I have struggled with an internal battle for as long as I can remember. There are days I wake up and feel that I am just not enough for the world. That I just won’t measure up to the standards and obstacles that have been put in place for me to overcome. I feel that I’m not pretty enough, not soft enough, not kind enough. I pick at the things that I should be more of and compare myself to those around me, and I end up feeling like I just don’t belong.
On a completely opposite end, there are countless days where I feel that I am simply too much of everything. That I am too loud, too overwhelming, too much. I am naturally a very outgoing and loud person, so my instant reaction to a lot of things is just to scream or laugh -- loudly. On days like this, when a friend simply tells me to quiet down or listen more, I shrink into myself. I replay moments and question myself. Why can’t I be more gentle? Why can’t I be someone who sits still and enjoys the quiet?
So here I am. In a constant back and forth with myself. Weeks go by where I feel like I am overbearing and, for lack of a better word, extra. Then something happens and I’m thrown into a state of feeling like I’m unwanted and hard to love.

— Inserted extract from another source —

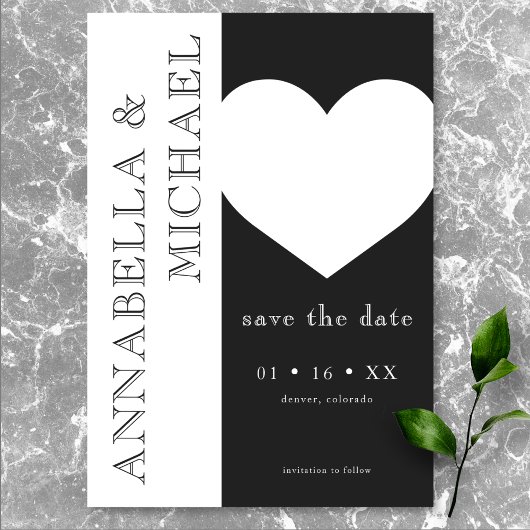 Moderne Typografie Zwart Wit Hart Wedding Save The Date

Sadly enough, I know I am not the only one that feels this way. I know that this fallen world- and the expectations for young women that have sprouted from it- are winning.
In 1 Peter 3:3, the Bible tells me beauty shouldn’t be defined by looks, but that it should be defined as a gentle and calm spirit. Does this mean I’m not doing it right? Does it mean I’m not beautiful? Absolutely not.
This past summer I read a book by Jess Connolly and Hayley Morgan called Wild and Free. This book appealed to me right away because of the cover, which said, “a hope-filled anthem for the woman who feels she is both too much and never enough.” If that isn’t a solid description of what I’ve been talking about throughout this whole article, I don’t know what is. I highly recommend reading it (this coming from someone who is not a fan of reading for fun). It taught me a whole lot, but this was my main take away from it:
In "Wild and Free," Jess Connolly says this:
“And the truth, dear friends, is this: Our standing has never wavered with our Father. Though the world has twisted what it means to be a daughter, His stance and His position toward us has absolutely stayed resolute. The world cannot dictate what it means to be treasured by our Father, but the love and relationship of our heavenly Father can heal and transcend the damage done here on earth.”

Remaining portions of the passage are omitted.